Our day-to-day experiences over the past decade have taught us that there must be limits to our tremendous appetite for energy, natural resources, and consumer goods. Even utility and oil companies now promote conservation in the face of demands for dwindling energy reserves. And for years some biologists have warned us of the direct correlation between scarcity and population growth. These scientists see an appalling future riding the tidal wave of a worldwide growth of population and technology.

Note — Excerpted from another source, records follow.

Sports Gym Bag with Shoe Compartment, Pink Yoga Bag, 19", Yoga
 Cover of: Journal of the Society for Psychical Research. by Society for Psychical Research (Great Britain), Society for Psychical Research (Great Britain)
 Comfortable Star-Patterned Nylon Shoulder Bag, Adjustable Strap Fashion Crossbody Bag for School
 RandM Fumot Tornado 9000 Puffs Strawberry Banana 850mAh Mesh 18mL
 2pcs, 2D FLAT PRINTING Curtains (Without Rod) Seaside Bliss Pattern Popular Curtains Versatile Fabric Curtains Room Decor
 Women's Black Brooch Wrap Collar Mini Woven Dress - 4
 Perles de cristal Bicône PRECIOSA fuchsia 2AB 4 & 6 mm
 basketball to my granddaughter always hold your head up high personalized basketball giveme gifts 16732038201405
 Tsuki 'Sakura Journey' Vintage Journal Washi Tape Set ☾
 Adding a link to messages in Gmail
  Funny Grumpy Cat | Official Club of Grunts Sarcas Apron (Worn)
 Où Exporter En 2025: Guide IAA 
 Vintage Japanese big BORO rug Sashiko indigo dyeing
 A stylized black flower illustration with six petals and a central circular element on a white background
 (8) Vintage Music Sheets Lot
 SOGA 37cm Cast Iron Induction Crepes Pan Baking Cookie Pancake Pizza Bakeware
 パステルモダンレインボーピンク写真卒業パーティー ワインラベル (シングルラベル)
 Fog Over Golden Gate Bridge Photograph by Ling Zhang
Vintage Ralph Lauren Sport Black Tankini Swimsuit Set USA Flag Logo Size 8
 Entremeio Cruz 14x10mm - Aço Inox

A calm but unflinching realist, Catton suggests that we cannot stop this wave for we have already overshot the Earth's capacity to support so huge a load. He contradicts those scientists, engineers, and technocrats who continue to write optimistically about energy alternatives. Catton asserts that the technological panaceas proposed by those who would harvest from the seas, harness the winds, and farm the deserts are ignoring the fundamental premise that "the principals of ecology apply to all living things." These principles tell us that, within a finite system, economic expansion is not irreversible and population growth cannot continue indefinitely. If we disregard these facts, our sagging American Dream will soon shatter completely.

William R. Catton is professor of sociology at Washington State University and author of From Animistic to Naturalistic Sociology and more than seventy-five articles in such journals as American Sociologist, Social Science Quarterly, Journal of Forestry, and BioScience.

REVIEWS:

“The greatest contribution of Overshoot is the translation of ecological understanding into terms directly related to our own society's future. Catton has a very good way with words—ghost acreages, Homo Colossus, Age of Exuberance—which serve to make the challenge of the future clear to anyone reading his book.”

—Warren Johnson, author of Muddling Toward Frugality

“"Perhaps at no time in human history has there been a more compelling need to re-examine public assumptions and to change national expectations. Overshoot is a book that contributes to this vital task.”